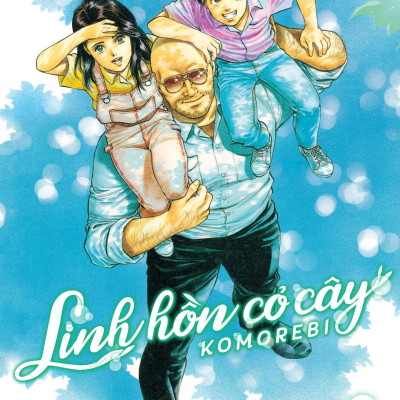 Bộ Linh Hồn Cỏ Cây - Komorebi - Tập 1 + Tập 2 - Tặng Kèm Clearfile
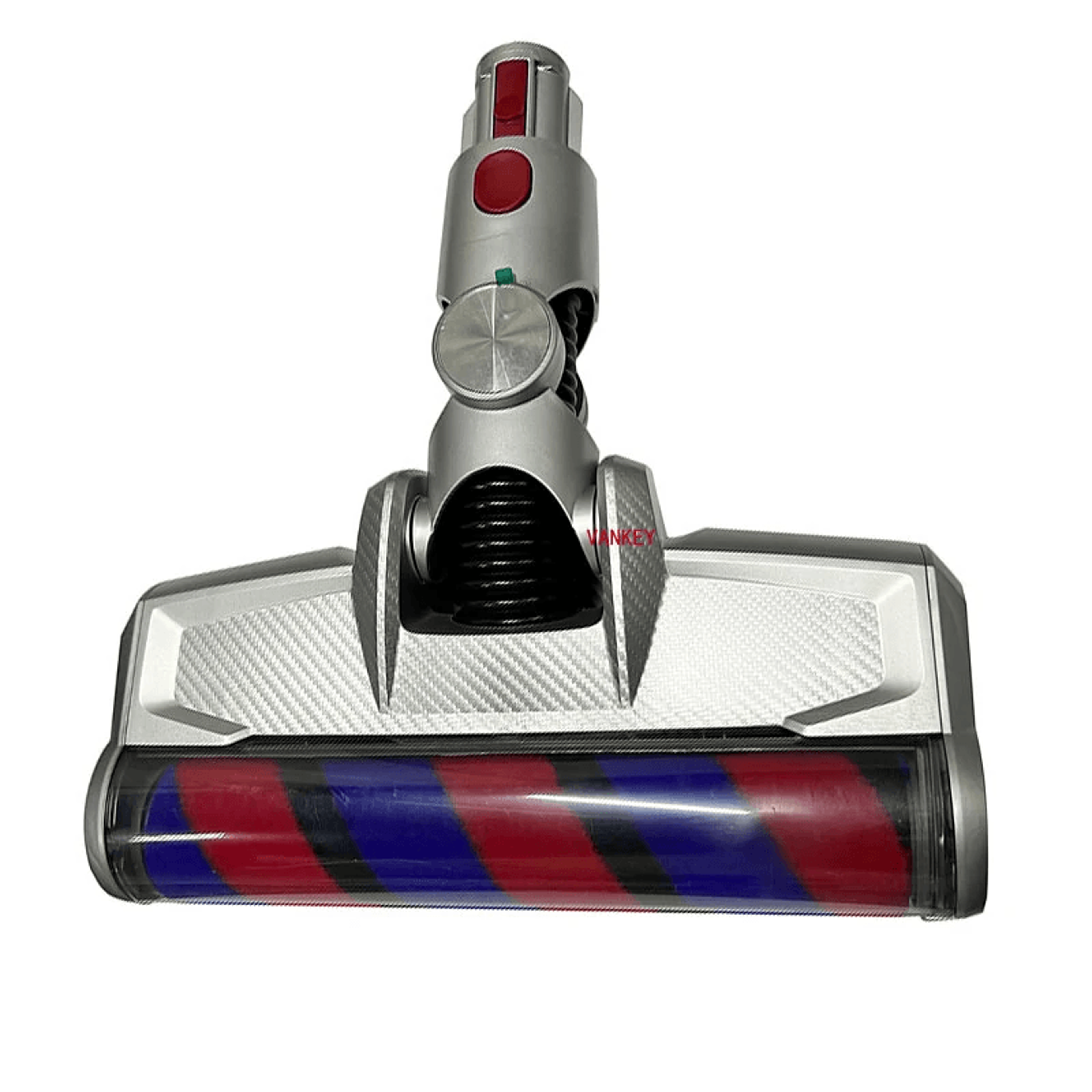 Electric Ground Brush Head Replacement For Handheld Cordless Vacuum Cleaner 2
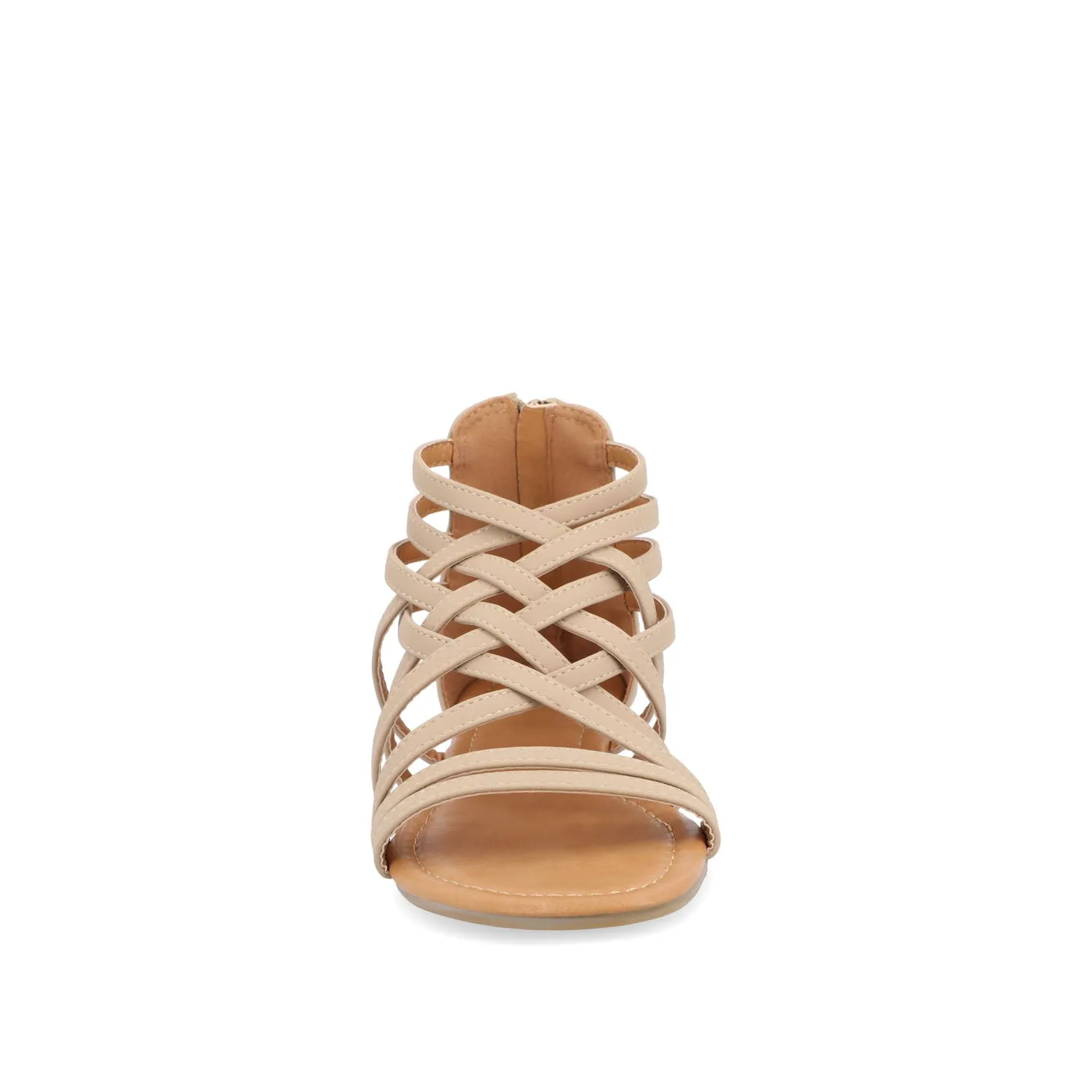 HANNI GLADIATOR SANDALS IN WIDE morning vibe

**Exercise objective**
Without any pictures, transcribe the listing above exactly as written.

**Response to this task**
 Bộ Linh Hồn Cỏ Cây - Komorebi - Tập 1 + Tập 2 - Tặng Kèm Clearfile
 Electric Ground Brush Head Replacement For Handheld Cordless Vacuum Cleaner 2
 HANNI GLADIATOR SANDALS IN WIDE morning vibe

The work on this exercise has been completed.